Os indivíduos não são como eles se representam ou se idealizam, são na verdade “tal como atuam, como produzem materialmente e, portanto, tal como desenvolvem suas atividades sob determinados limites, pressupostos e condições materiais, independentes de seu arbítrio (MARX e ENGELS, 2007, p. 93). A produção humana de ideias, costumes, políticas, está intrinsecamente relacionada com “a atividade material e com intercâmbio material dos homens, com a linguagem da vida real” (MARX e ENGELS, 2007, p. 93). Segundo Marx, a vida espiritual do homem, tal como o pensar, é reflexo de sua vida material.

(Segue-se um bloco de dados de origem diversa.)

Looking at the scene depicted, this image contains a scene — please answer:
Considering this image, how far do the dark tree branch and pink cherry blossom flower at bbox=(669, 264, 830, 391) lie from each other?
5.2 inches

[...] O mesmo vale para a produção espiritual, tal como ela se apresenta na linguagem da política, das leis, da moral, da religião, da metafísica etc. de um povo. Os homens são os produtores de suas representações, de suas idéias e assim por diante, mas os homens reais, ativos, tal como são condicionados por um determinado desenvolvimento de suas forças produtivas e pelo intercâmbio que a ele corresponde, até chegar às suas formações mais desenvolvidas. A consciência [Bewusstsein] não pode jamais ser outra coisa do que o ser consciente [bewusste Sein], e o ser dos homens é o seu processo de vida real (MARX e ENGELS, 2007, 93-4).

O ser de consciência é o ser trabalhador, que age no mundo, e nunca o ser ideológico, que para o autor está de cabeça para baixo, pois é analisado não pela sua história, mas por aquilo que deveria ser - partindo do espiritual para enfim chegar ao material ou “real”. Na concepção materialista histórica, não se parte do que o homem imagina de si, do que diz ser, do que representa, do que é narrado dele, mas do que de fato produz materialmente, do homem ativo. Como reflexo de suas atividades materiais, surgem os “ecos ideológicos” desse processo de vida: a moral, a religião, a metafísica.

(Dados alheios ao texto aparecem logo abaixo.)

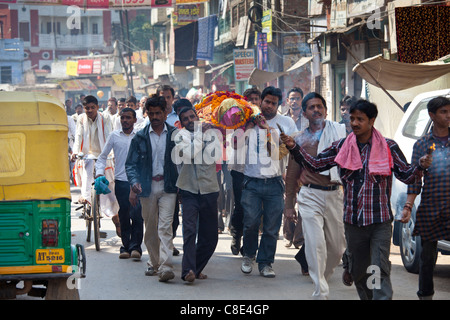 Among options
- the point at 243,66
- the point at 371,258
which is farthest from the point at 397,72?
the point at 243,66

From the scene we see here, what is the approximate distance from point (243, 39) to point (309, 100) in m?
24.5

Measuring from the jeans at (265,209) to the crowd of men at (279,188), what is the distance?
0.04ft

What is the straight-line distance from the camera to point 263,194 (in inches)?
341

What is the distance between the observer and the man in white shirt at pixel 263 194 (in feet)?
28.2

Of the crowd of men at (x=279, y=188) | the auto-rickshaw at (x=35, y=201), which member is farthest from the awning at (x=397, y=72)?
the auto-rickshaw at (x=35, y=201)

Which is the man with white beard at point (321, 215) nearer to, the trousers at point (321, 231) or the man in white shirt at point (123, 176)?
the trousers at point (321, 231)

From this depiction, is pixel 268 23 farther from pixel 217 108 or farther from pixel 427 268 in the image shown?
pixel 427 268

Para Marx, não é a consciência que transforma a vida e sim a vida que transforma a consciência: “O sistema de produção dos meios materiais de existência condiciona todo o processo de vida social, política e intelectual. Não é a consciência dos homens que determina sua existência, porém, pelo contrário, é a sua existência social que lhes determina a consciência” (FROMM, 1964, p. 197). Ele ainda afirma que: “Não têm história, nem desenvolvimento; mas os homens, ao desenvolverem sua produção e o seu intercâmbio materiais, transformam também, com esta sua realidade, seu pensar e os produtos de seu pensar” (FROMM, 1964, p. 94). Essa conclusão tem como premissa o desenvolvimento real do homem - real no sentido de que seja empiricamente percebível em certas condições -, ou seja, a atividade do homem - sua produção, que não é determinada (única) porque muda de acordo com suas condições de produção e do estágio em que se encontra a natureza. O homem é o que ele produz, o conhecimento real é o que pode ser analisado em um processo histórico e não algo ideal. Ele modifica as circunstâncias em que está posto. Uma modificação em sincronia com a modificação da prática humana “só pode ser apreendida e racionalmente entendida como prática

revolucionária” (MARX e ENGELS, 2007, p. 538).

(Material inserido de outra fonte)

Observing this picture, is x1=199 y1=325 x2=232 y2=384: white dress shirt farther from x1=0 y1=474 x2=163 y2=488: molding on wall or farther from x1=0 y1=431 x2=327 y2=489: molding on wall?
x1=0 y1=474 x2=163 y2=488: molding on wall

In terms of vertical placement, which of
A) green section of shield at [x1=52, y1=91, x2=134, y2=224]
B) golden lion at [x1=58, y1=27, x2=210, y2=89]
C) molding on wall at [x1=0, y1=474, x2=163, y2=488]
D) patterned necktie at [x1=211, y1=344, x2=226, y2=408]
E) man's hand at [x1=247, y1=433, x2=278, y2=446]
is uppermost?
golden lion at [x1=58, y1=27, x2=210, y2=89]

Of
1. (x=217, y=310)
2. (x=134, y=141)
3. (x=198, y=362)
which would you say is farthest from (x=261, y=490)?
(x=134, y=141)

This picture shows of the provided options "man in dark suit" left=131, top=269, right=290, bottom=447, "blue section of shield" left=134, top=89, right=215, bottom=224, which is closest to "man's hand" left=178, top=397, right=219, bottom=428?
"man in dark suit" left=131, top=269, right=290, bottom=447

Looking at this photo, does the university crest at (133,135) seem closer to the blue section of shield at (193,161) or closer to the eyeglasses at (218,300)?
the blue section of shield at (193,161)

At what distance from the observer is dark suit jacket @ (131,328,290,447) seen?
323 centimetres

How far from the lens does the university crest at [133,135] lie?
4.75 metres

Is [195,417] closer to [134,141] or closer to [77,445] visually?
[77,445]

Quando não há a possibilidade de especulação a priori, tem-se início uma ciência real e contributiva que vai ter como base o desenvolvimento prático do homem. Então, para começarmos a entender a ética, temos de colher exemplos históricos da

realidade humana de produção material e utilizar o materialismo histórico - não ideologias desligadas ou invertidas - como instrumento para entendê-la. A formação ética de certo período, portanto, é produto de seus modos de produção.